Rumblings from Washington have gotten savvy retirement savers a bit worried: Will this year be the last to take advantage of the clever backdoor Roth IRA strategy? Let's look at the Roth's current legal setup and how it might change in 2022.

The Backdoor Roth IRA today

The Roth IRA is one of the few tax-free vehicles designed to enhance retirement for low- and middle-income earners. You can contribute up to $6,000 directly to Roth accounts in 2021 ($7,000 if you're over 50), ultimately for use in retirement after you turn 59 1/2. The beauty of the Roth IRA is that once you've contributed and invested the money, you'll never pay tax on it again -- neither when you receive earnings, nor when you withdraw the money, as long as you meet the qualifications. 

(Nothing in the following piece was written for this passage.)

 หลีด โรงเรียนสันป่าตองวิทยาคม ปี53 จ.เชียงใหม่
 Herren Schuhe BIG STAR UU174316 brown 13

But the Roth IRA comes with income limits. You can't earn more than $206,000 in 2021 and still directly contribute to a Roth IRA. As a result, higher-income earners are shut out from contributing to a Roth, and thereby excluded from enjoying a fully tax-exempt retirement-savings vehicle. 

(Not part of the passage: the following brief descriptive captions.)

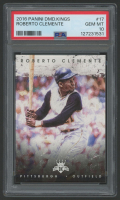 Roberto Clemente 2016 Diamond Kings #17 (PSA 10) at PristineAuction.com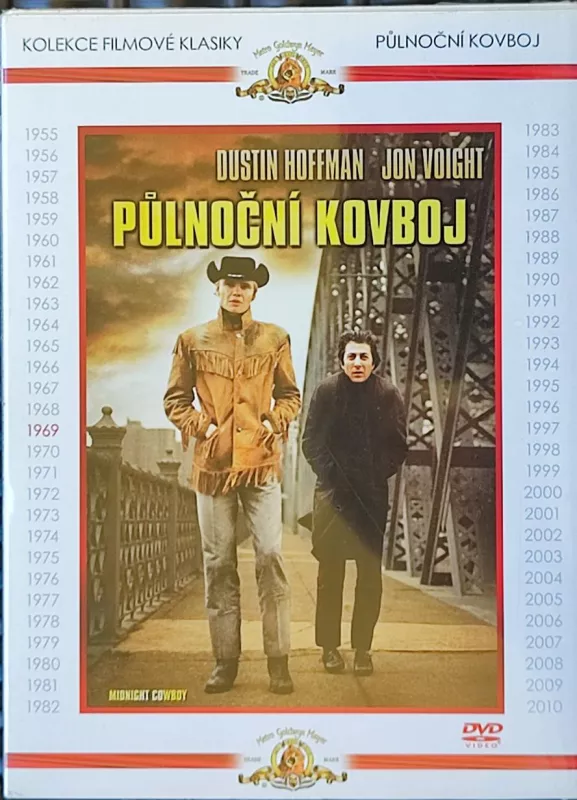 DVD Půlnoční kovboj
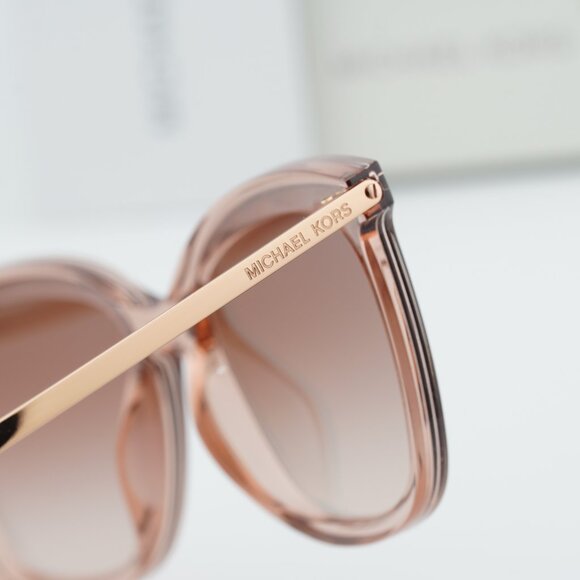 Michael Kors MK2079U 31756F Square Sunglasses - Pink/Gold/Rose Gold - Picture 10 of 12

Here's where the backdoor strategy comes in. The income limits described above only apply to Roth IRAs -- anyone can contribute to a Traditional IRA. For years, some savvy people have contributed after-tax money (like the money you receive in your bank account when you get paid) to Traditional IRAs and then converted it to Roth status. If they set things up correctly, the conversion doesn't generate any tax.

Functionally, this is a way for people -- particularly high earners -- to contribute money to a Roth IRA without contributing directly to one. It's a valuable workaround for people who would otherwise be taxed on investment earnings and capital gains if the money were to be held in a taxable brokerage account.

While $6,000 a year doesn't sound like much, an annual backdoor Roth IRA strategy could lead to substantial account balances over the long run. If someone were to do this over 30 years (assuming an 8% annual return), they'd be left with over $680,000 to spend in retirement, entirely tax-free.  

Roth IRA on post-it notes.

Image source: Getty Images.

Closing the back door 

Proposed legislation -- the Democrats' House Ways and Means proposal, to be exact -- stipulates that after-tax money would no longer be eligible for conversion to Roth IRAs. The big idea? The backdoor Roth IRA loophole would, at long last, be closed. 

This change would also apply to "mega" backdoor Roth conversions, which involve the contribution of after-tax money to workplace plans, like 401(k)s. Not all 401(k)s allow outsized after-tax contributions to their plans, but in the ones that do, the opportunity to convert that money to Roth status would be lost. 

What this means for you

The loss of the backdoor Roth IRA isn't inconsequential for tax-sensitive high-income individuals, and certainly will force retirement savers to look elsewhere to cover the cost of their senior years.

A good first step for those concerned about the backdoor Roth IRA ending is to ensure that you've completed it for the 2021 calendar year. In other words, you might have only a few months left to contribute to a Traditional IRA and then convert the money to a Roth. If you can swing it, contributing the full $6,000 and moving it over to a Roth before the year's up is a wise planning move. 

Next, you might look to max out the rest of your tax-deferred space, like in 401(k)s and 403(b)s. Make sure you're contributing enough to take advantage of any employer match or profit-sharing contributions, which are employer-specific. If you're self-employed or do any freelance work, the Solo 401(k) may also be an option for you. 

Not law yet, but be ready

There isn't any guarantee that the backdoor Roth IRA is ending, but there are some signs that it might be. Take action now to secure your backdoor Roth IRA contribution for 2021, and then wait to see how the law plays out in 2022.

We've seen legislation delayed before and certainly wouldn't be surprised to see it delayed again. But all you can do from a financial planning perspective is to follow the rules as they stand today and hope the door stays open a while longer.